(DATA EXCERPTS Opens)

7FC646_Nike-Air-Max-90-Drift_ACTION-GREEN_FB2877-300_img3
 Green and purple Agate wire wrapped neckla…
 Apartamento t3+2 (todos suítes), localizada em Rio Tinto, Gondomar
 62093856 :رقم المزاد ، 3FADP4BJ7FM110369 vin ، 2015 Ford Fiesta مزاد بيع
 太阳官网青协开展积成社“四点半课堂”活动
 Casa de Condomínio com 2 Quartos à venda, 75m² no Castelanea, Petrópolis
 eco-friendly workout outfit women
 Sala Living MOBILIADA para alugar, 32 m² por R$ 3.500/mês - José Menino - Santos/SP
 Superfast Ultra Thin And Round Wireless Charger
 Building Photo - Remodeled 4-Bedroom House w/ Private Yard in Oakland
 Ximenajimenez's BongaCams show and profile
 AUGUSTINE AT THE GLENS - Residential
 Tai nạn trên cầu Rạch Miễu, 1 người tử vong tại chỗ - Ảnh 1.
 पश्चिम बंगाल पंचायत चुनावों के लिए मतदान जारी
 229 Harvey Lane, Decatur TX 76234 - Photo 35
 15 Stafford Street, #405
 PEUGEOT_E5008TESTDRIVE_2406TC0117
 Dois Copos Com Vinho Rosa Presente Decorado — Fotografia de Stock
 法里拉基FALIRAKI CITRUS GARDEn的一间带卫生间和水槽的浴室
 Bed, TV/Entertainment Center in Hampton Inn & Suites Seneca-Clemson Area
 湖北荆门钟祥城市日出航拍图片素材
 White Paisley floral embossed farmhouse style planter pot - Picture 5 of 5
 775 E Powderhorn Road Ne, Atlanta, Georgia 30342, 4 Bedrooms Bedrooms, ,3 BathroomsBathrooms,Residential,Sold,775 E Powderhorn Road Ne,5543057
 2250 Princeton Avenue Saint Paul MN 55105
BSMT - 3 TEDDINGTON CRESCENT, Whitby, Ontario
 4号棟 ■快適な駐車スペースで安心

(DATA EXCERPTS Closes)

■ PROBLEM
Retype the listing above, exactly and in full.

■ ANSWER FOR THE TASK
7FC646_Nike-Air-Max-90-Drift_ACTION-GREEN_FB2877-300_img3
 Green and purple Agate wire wrapped neckla…
 Apartamento t3+2 (todos suítes), localizada em Rio Tinto, Gondomar
 62093856 :رقم المزاد ، 3FADP4BJ7FM110369 vin ، 2015 Ford Fiesta مزاد بيع
 太阳官网青协开展积成社“四点半课堂”活动
 Casa de Condomínio com 2 Quartos à venda, 75m² no Castelanea, Petrópolis
 eco-friendly workout outfit women
 Sala Living MOBILIADA para alugar, 32 m² por R$ 3.500/mês - José Menino - Santos/SP
 Superfast Ultra Thin And Round Wireless Charger
 Building Photo - Remodeled 4-Bedroom House w/ Private Yard in Oakland
 Ximenajimenez's BongaCams show and profile
 AUGUSTINE AT THE GLENS - Residential
 Tai nạn trên cầu Rạch Miễu, 1 người tử vong tại chỗ - Ảnh 1.
 पश्चिम बंगाल पंचायत चुनावों के लिए मतदान जारी
 229 Harvey Lane, Decatur TX 76234 - Photo 35
 15 Stafford Street, #405
 PEUGEOT_E5008TESTDRIVE_2406TC0117
 Dois Copos Com Vinho Rosa Presente Decorado — Fotografia de Stock
 法里拉基FALIRAKI CITRUS GARDEn的一间带卫生间和水槽的浴室
 Bed, TV/Entertainment Center in Hampton Inn & Suites Seneca-Clemson Area
 湖北荆门钟祥城市日出航拍图片素材
 White Paisley floral embossed farmhouse style planter pot - Picture 5 of 5
 775 E Powderhorn Road Ne, Atlanta, Georgia 30342, 4 Bedrooms Bedrooms, ,3 BathroomsBathrooms,Residential,Sold,775 E Powderhorn Road Ne,5543057
 2250 Princeton Avenue Saint Paul MN 55105
BSMT - 3 TEDDINGTON CRESCENT, Whitby, Ontario
 4号棟 ■快適な駐車スペースで安心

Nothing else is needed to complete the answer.